[Web page caption snippets]
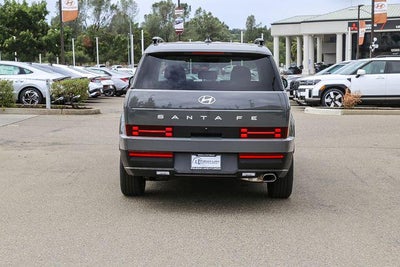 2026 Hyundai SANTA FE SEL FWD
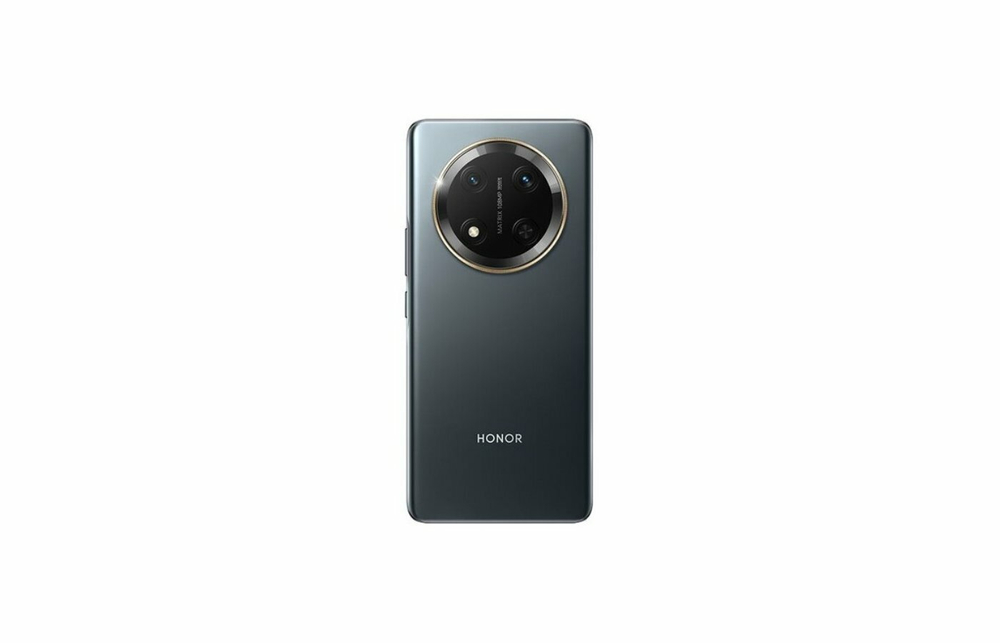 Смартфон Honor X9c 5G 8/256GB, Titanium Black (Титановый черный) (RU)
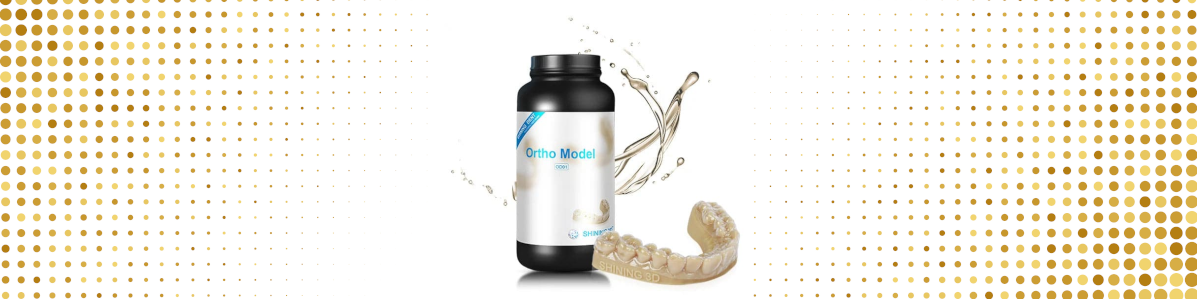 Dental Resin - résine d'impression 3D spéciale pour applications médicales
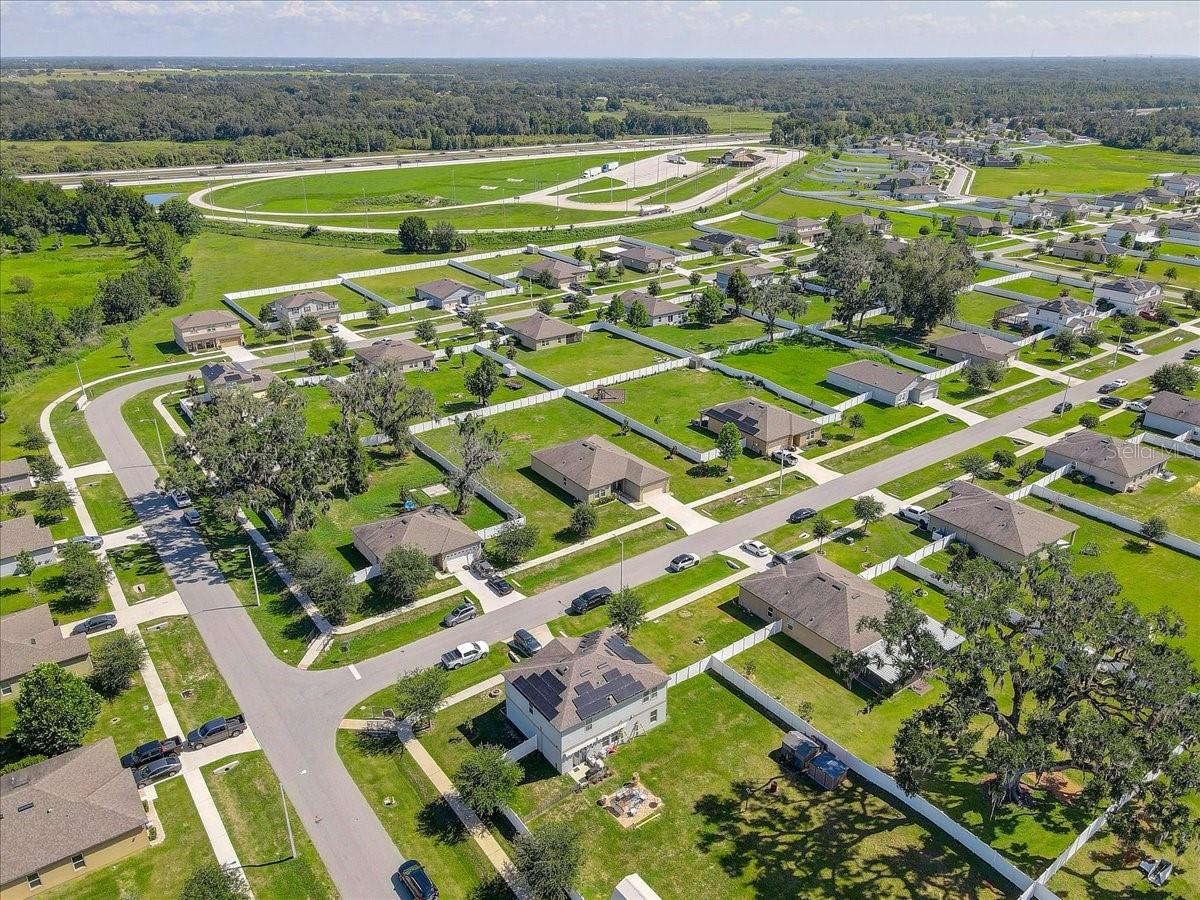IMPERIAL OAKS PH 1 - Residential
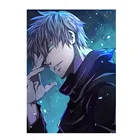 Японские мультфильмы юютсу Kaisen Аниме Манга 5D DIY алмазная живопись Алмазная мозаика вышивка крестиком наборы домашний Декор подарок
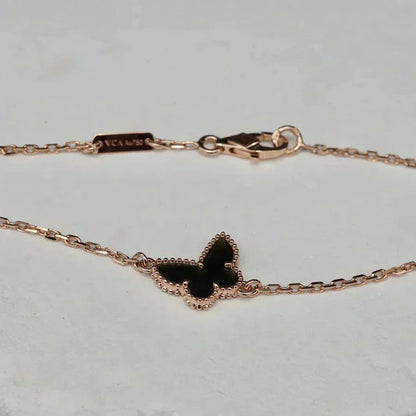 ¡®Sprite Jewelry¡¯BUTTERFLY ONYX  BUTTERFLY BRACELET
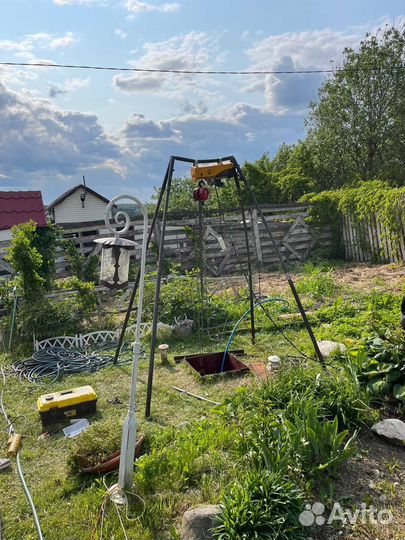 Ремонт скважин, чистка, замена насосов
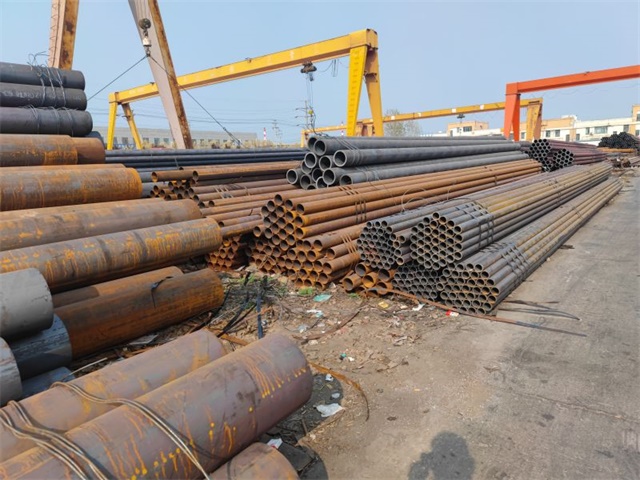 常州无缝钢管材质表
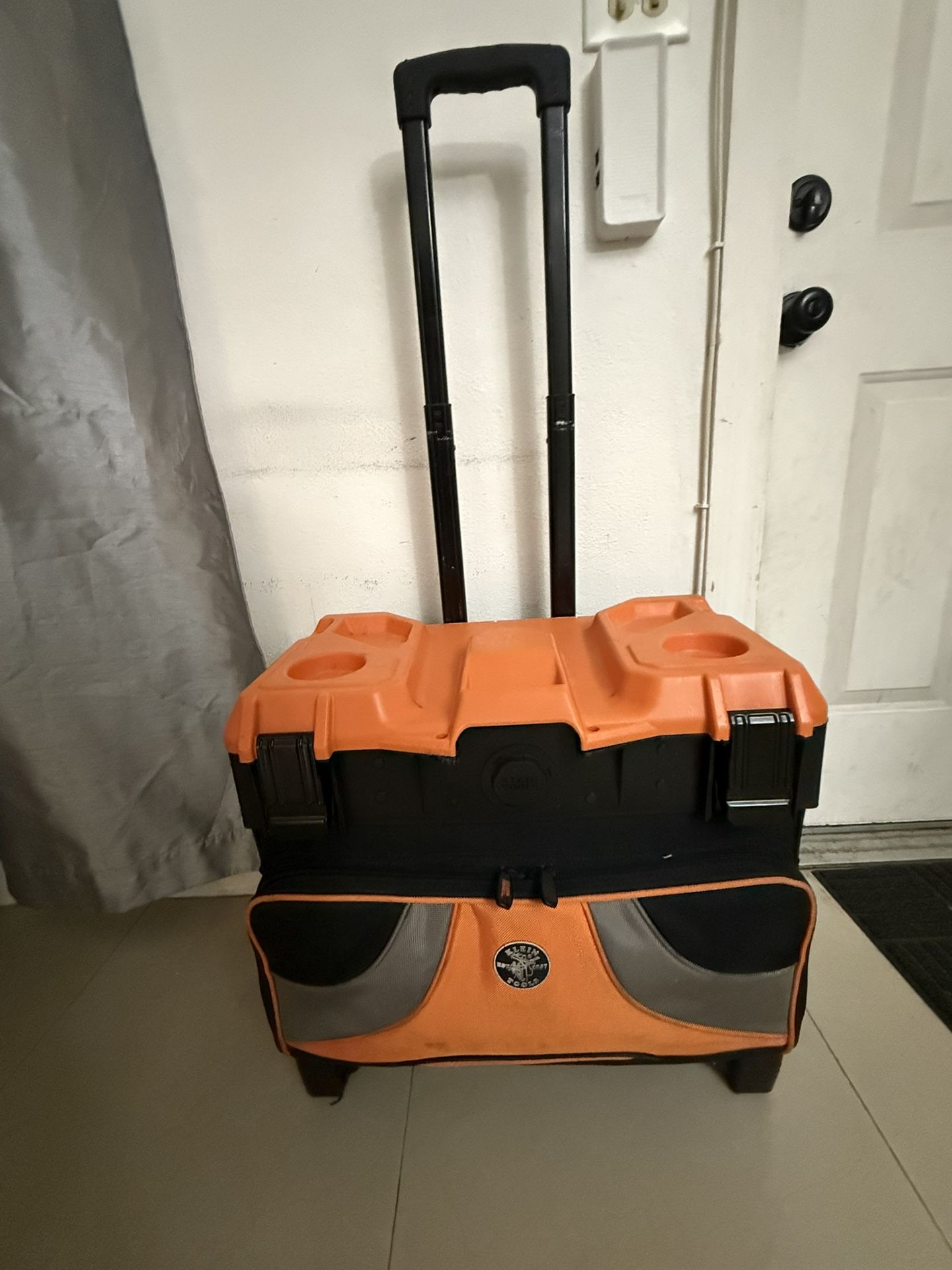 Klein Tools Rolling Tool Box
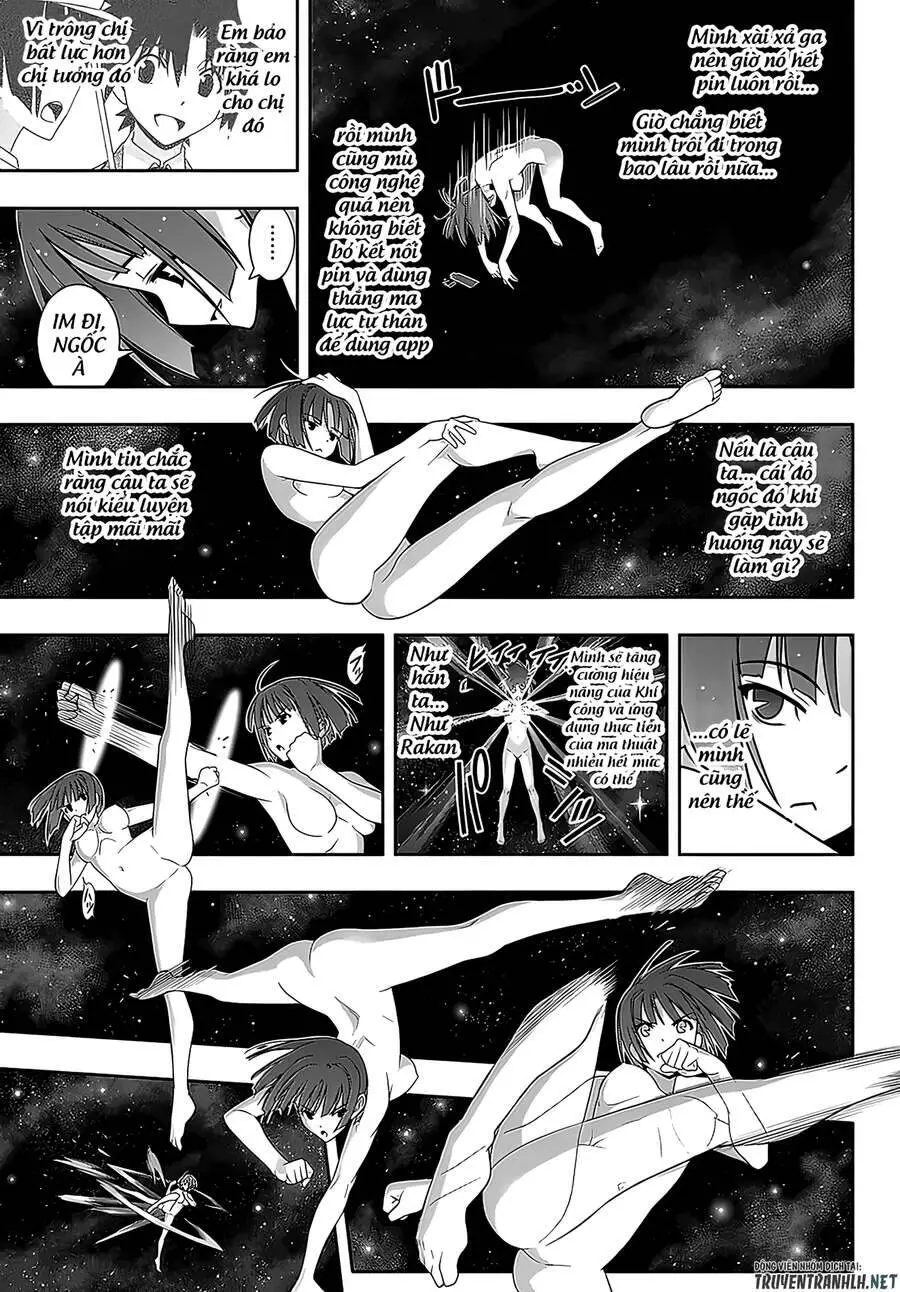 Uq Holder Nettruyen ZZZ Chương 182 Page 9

## What you have to do
Once the pictures are removed, output the entries above exactly as given.

## Answer box
 2026 Hyundai SANTA FE SEL FWD
 Смартфон Honor X9c 5G 8/256GB, Titanium Black (Титановый черный) (RU)
 Dental Resin - résine d'impression 3D spéciale pour applications médicales
IMPERIAL OAKS PH 1 - Residential
 Японские мультфильмы юютсу Kaisen Аниме Манга 5D DIY алмазная живопись Алмазная мозаика вышивка крестиком наборы домашний Декор подарок
 ¡®Sprite Jewelry¡¯BUTTERFLY ONYX  BUTTERFLY BRACELET
 Ремонт скважин, чистка, замена насосов
 常州无缝钢管材质表
 Klein Tools Rolling Tool Box
 Uq Holder Nettruyen ZZZ Chương 182 Page 9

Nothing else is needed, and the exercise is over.